* [REQUIREMENT]
Exact copies of the lines from the one holding "Recambio de caja" through the last line of the entries below are to be printed, with pictures omitted.
━━ GIVEN ENTRIES ━━
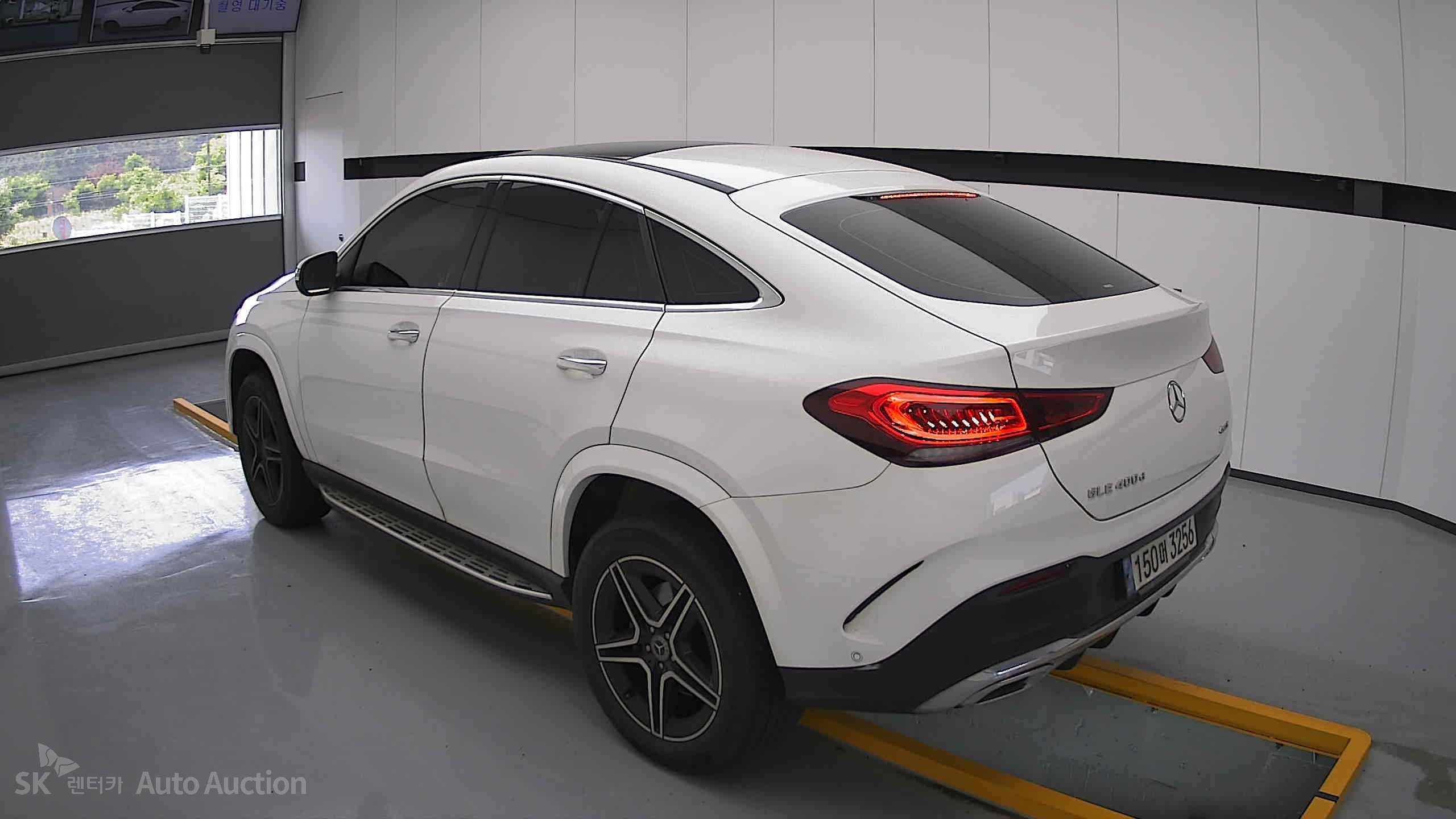 2021 - mercedes-benz gle 400d
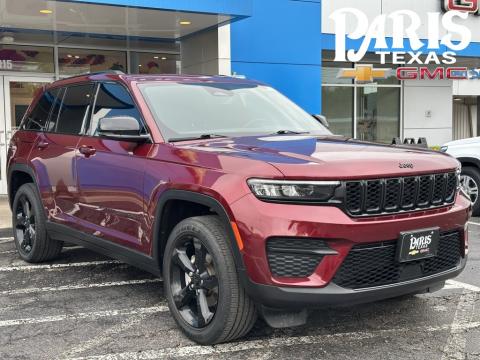 2023 Jeep Grand Cherokee2023 Jeep Grand Cherokee
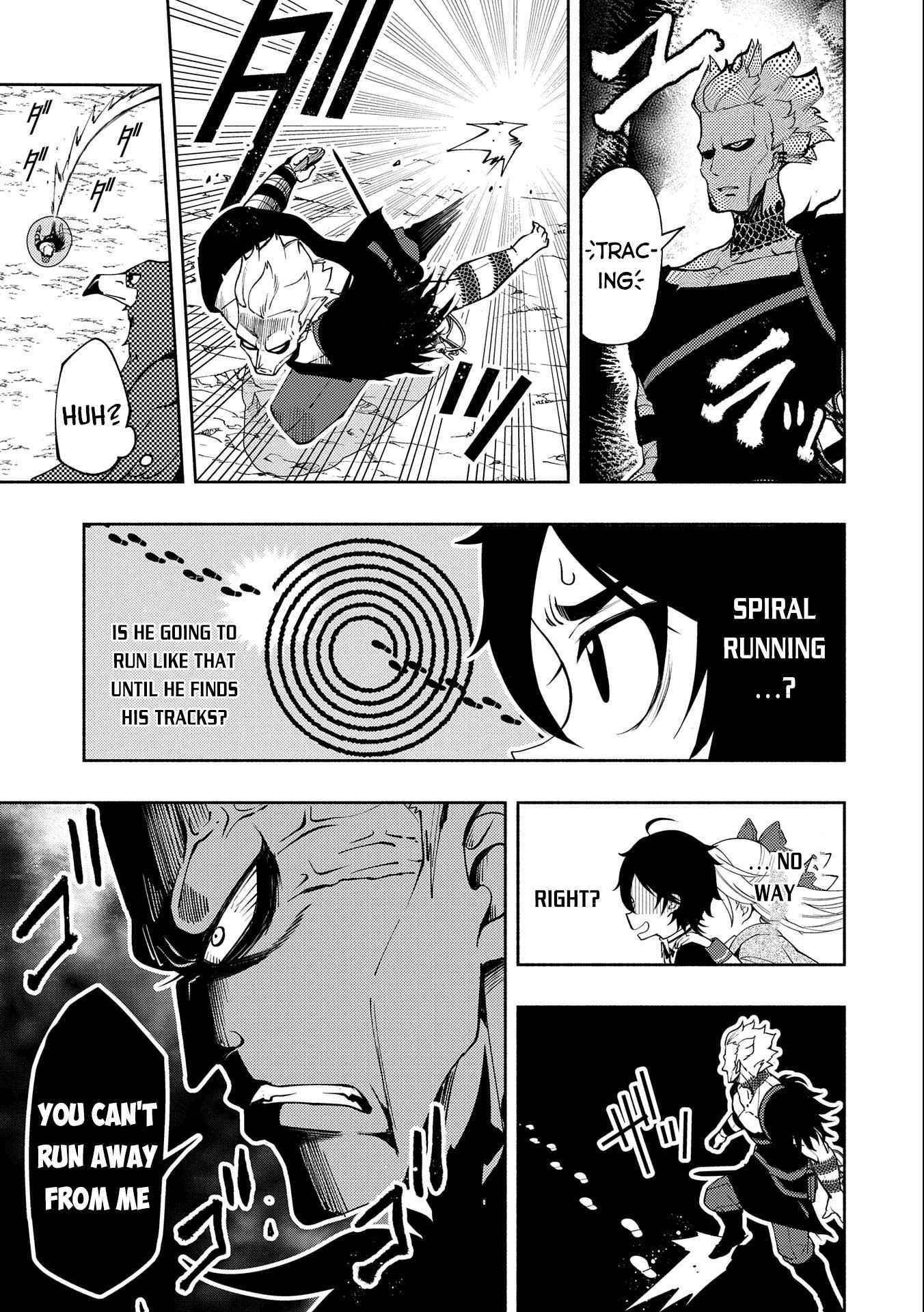 Hellmode ~Gamer Who Likes to Speedrun Becomes Peerless in a Parallel World with Obsolete Setting~ Chapter 20 - Page 15 in English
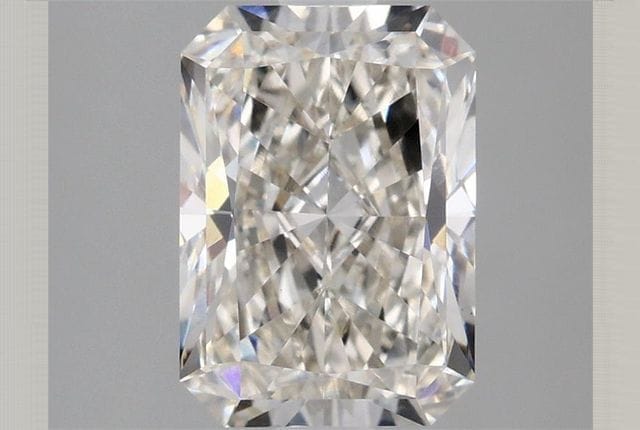 2.02 Carat Radiant Lab Diamond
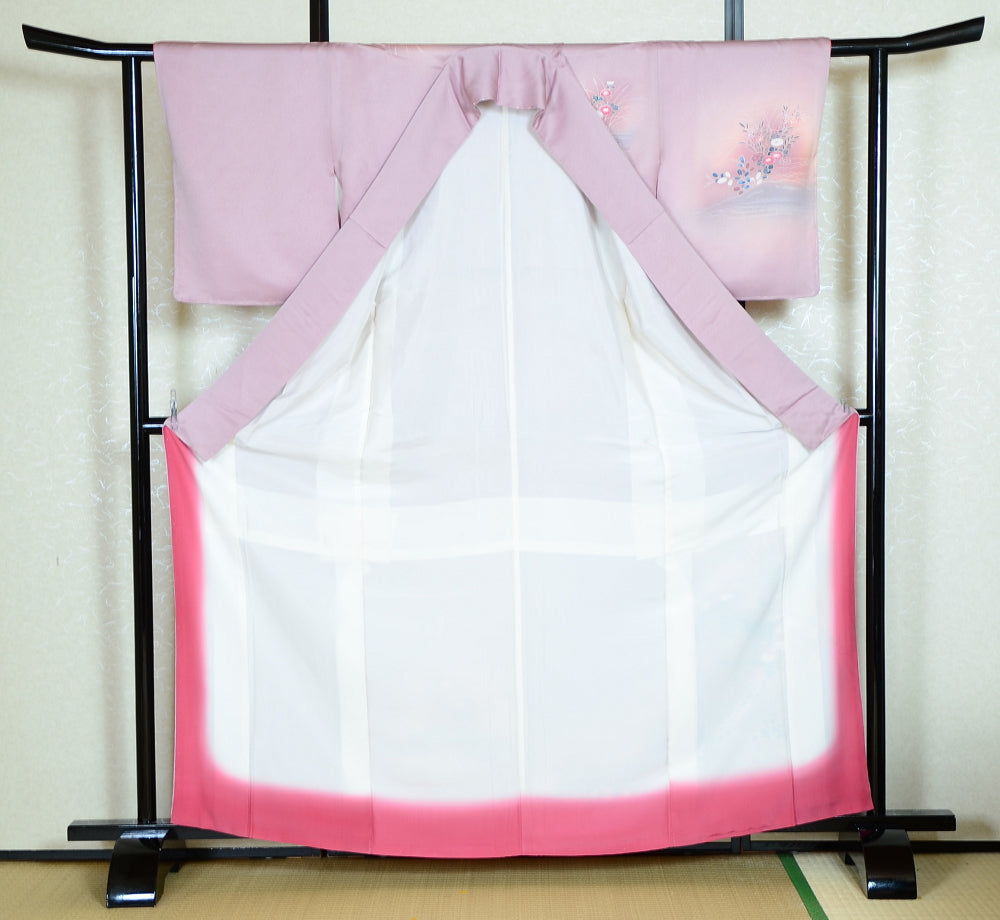 Japanese kimono / TK #1-630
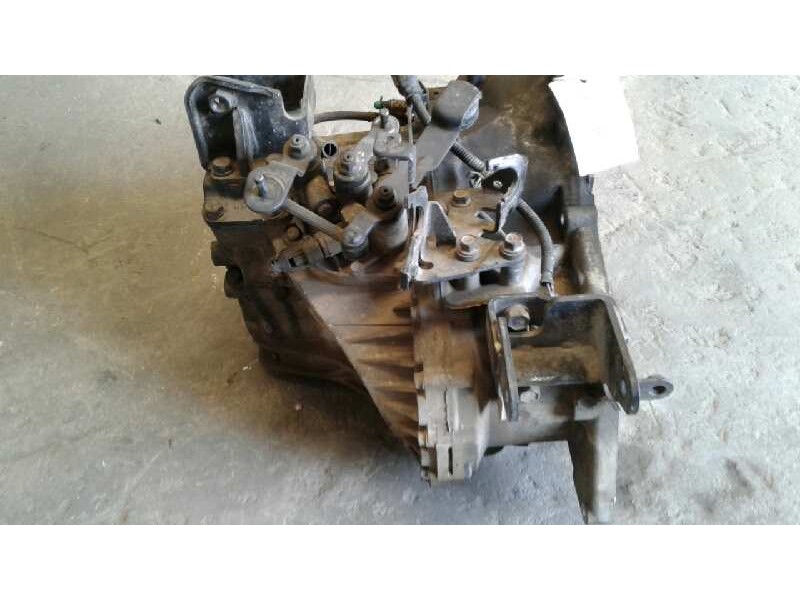 Recambio de caja cambios para kia sportage ex referencia OEM IAM   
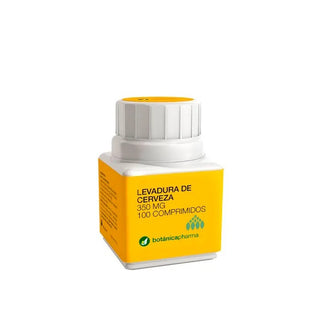 Botánica Nutrients Lievito di birra 400 mg — Integratore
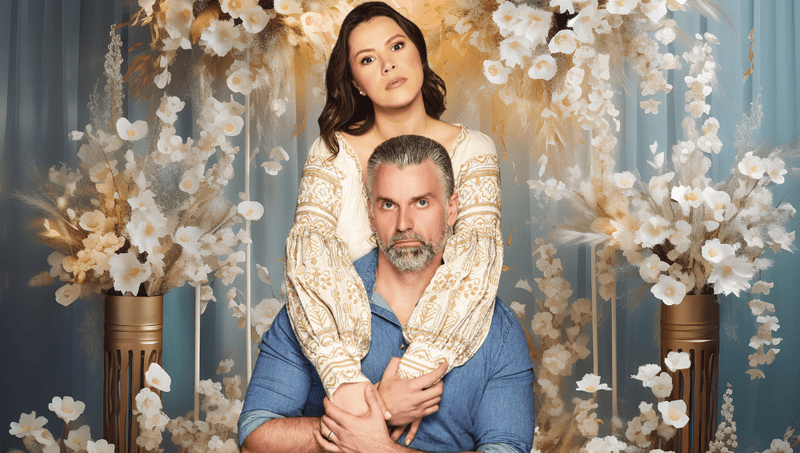 Cum au fost surprinși Oksana și Cezar Ionașcu la câteva luni de la zvonurile că ar fi la un pas de divorț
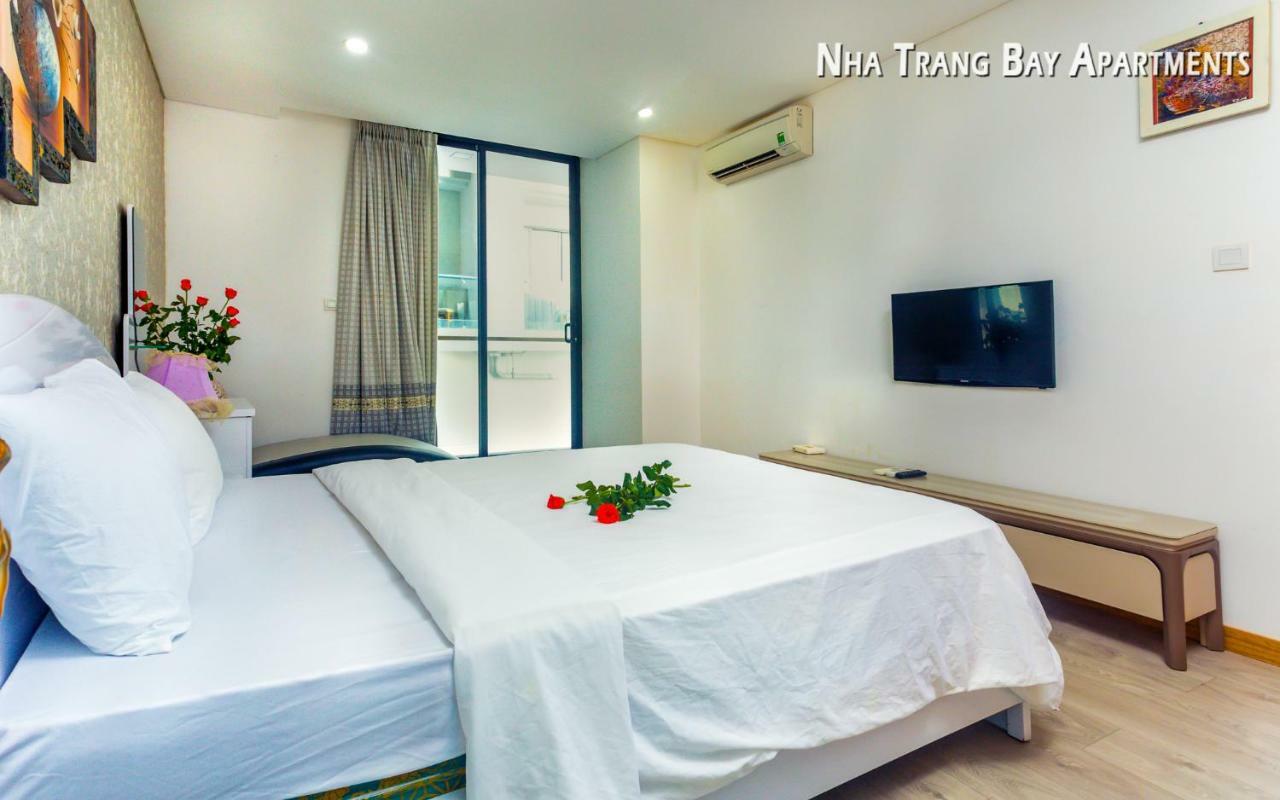 Nha Trang Bay Apartment Exterior photo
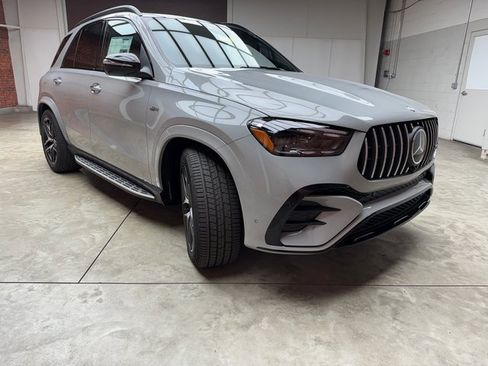 New 2026 Mercedes-Benz GLE 53 AMG 4MATIC image 7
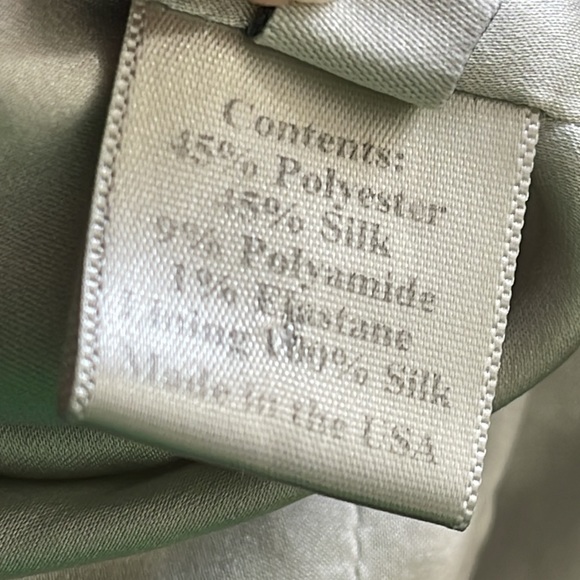 Rodarte Embroidered Flower Bomber Jacket, Black/Gold, X-Small, Small - Picture 13 of 14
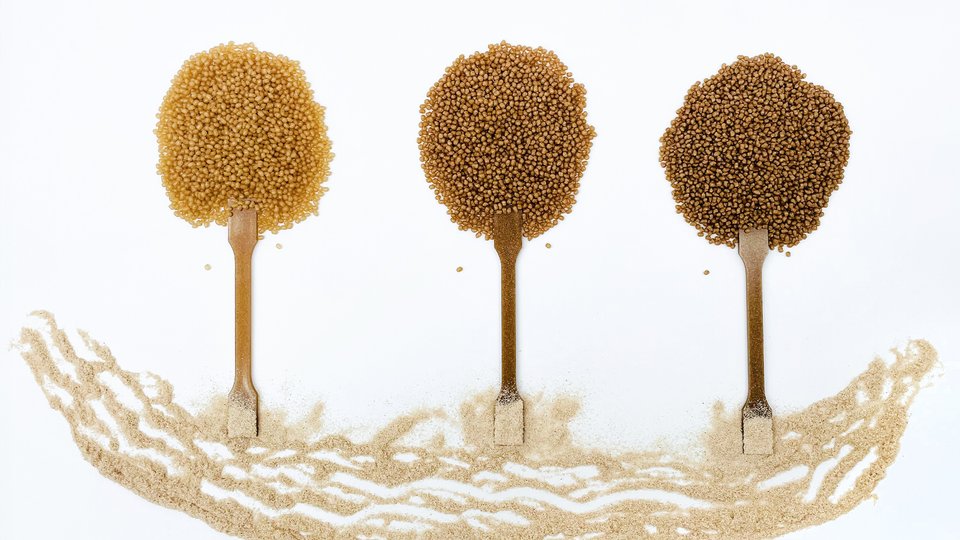 New product line of biobased and biomass-balanced compounds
━━━
* [REPLY]
 Recambio de caja cambios para kia sportage ex referencia OEM IAM   
 Botánica Nutrients Lievito di birra 400 mg — Integratore
 Cum au fost surprinși Oksana și Cezar Ionașcu la câteva luni de la zvonurile că ar fi la un pas de divorț
 Nha Trang Bay Apartment Exterior photo
 New 2026 Mercedes-Benz GLE 53 AMG 4MATIC image 7
 Rodarte Embroidered Flower Bomber Jacket, Black/Gold, X-Small, Small - Picture 13 of 14
 New product line of biobased and biomass-balanced compounds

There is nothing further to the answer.